The Annals of Thoracic Surgery, Vol 27, 399-403, Copyright © 1979 by The Society of Thoracic Surgeons
Pull-through esophagectomy without thoracotomy for esophageal carcinoma
S Szentpetery, T Wolfgang and RR Lower
Seventeen consecutive patients underwent pull-through esophagectomy using
blunt dissection from laparotomy and cervical incisions for carcinoma of
the esophagus. Fifteen patients had a middle-third lesion while 2 patients
had a distal-third lesion. The gastrointestinal tract was reconstructed
using primary gastroesophagostomy in 15 patients and colon interposition in
2. Both the colon and stomach were placed through the posterior
mediastinum.
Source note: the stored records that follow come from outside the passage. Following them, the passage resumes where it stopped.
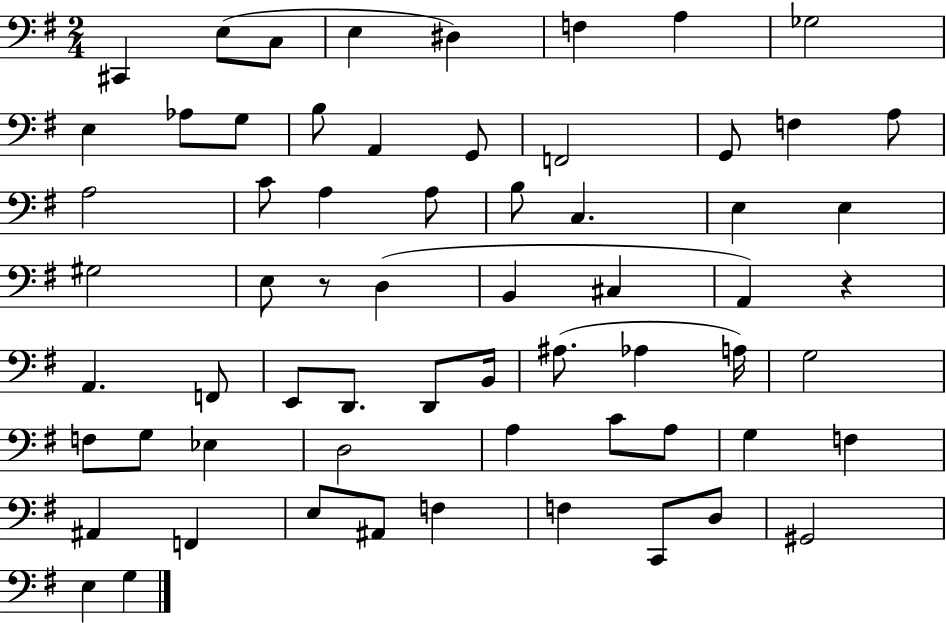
{
  \clef bass
  \numericTimeSignature
  \time 2/4
  \key g \major
  cis,4 e8( c8 | e4 dis4) | f4 a4 | ges2 | \break e4 aes8 g8 | b8 a,4 g,8 | f,2 | g,8 f4 a8 | \break a2 | c'8 a4 a8 | b8 c4. | e4 e4 | \break gis2 | e8 r8 d4( | b,4 cis4 | a,4) r4 | \break a,4. f,8 | e,8 d,8. d,8 b,16 | ais8.( aes4 a16) | g2 | \break f8 g8 ees4 | d2 | a4 c'8 a8 | g4 f4 | \break ais,4 f,4 | e8 ais,8 f4 | f4 c,8 d8 | gis,2 | \break e4 g4 | \bar "|."
} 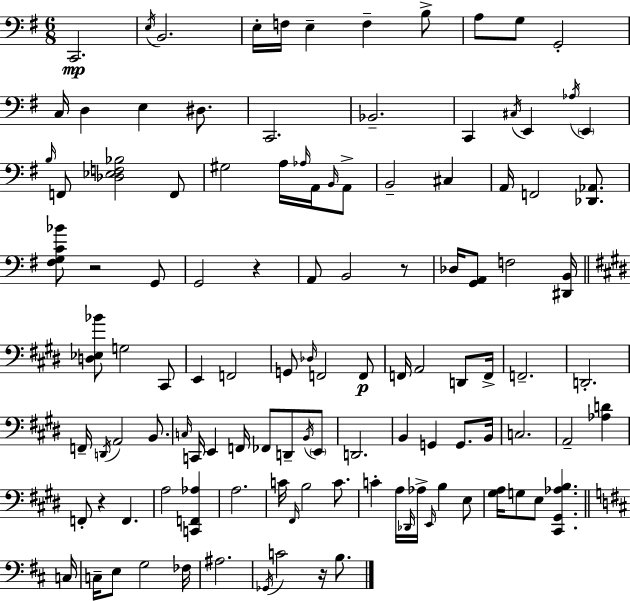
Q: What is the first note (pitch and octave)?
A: C2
The surgical technique and results are described in detail.
There were two major complications. One patient died of massive gastric
hemorrhage on the eighth postoperative day in spite of emergency operation.
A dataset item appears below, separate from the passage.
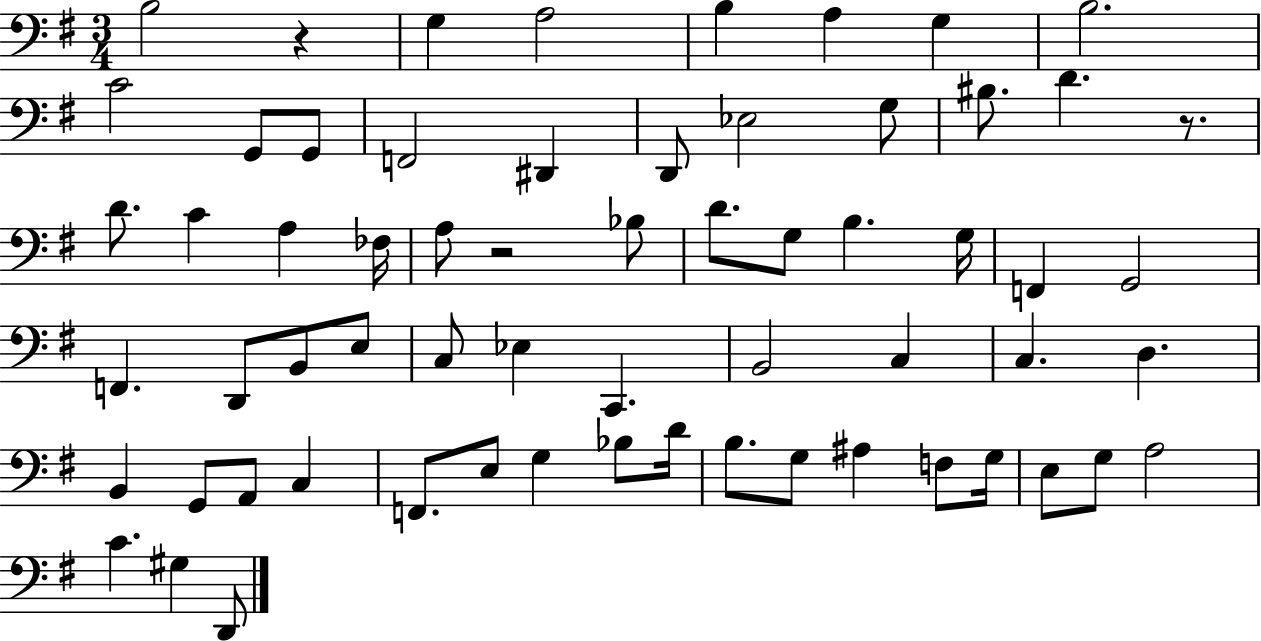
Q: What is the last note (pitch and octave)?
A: D2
Another patient sustained a tear of the membranous trachea at the time of
blunt dissection. This was repaired through a right thoracotomy without
difficulty. Esophagectomy using blunt dissection offered excellent
palliation and resulted in little morbidity in our series. The shortened
operating time, minimal blood loss, total lack of postoperative chest pain,
minimal pulmonary complications, and the benefit of a cervical anastomosis
are several advantages compared with the present surgical approaches.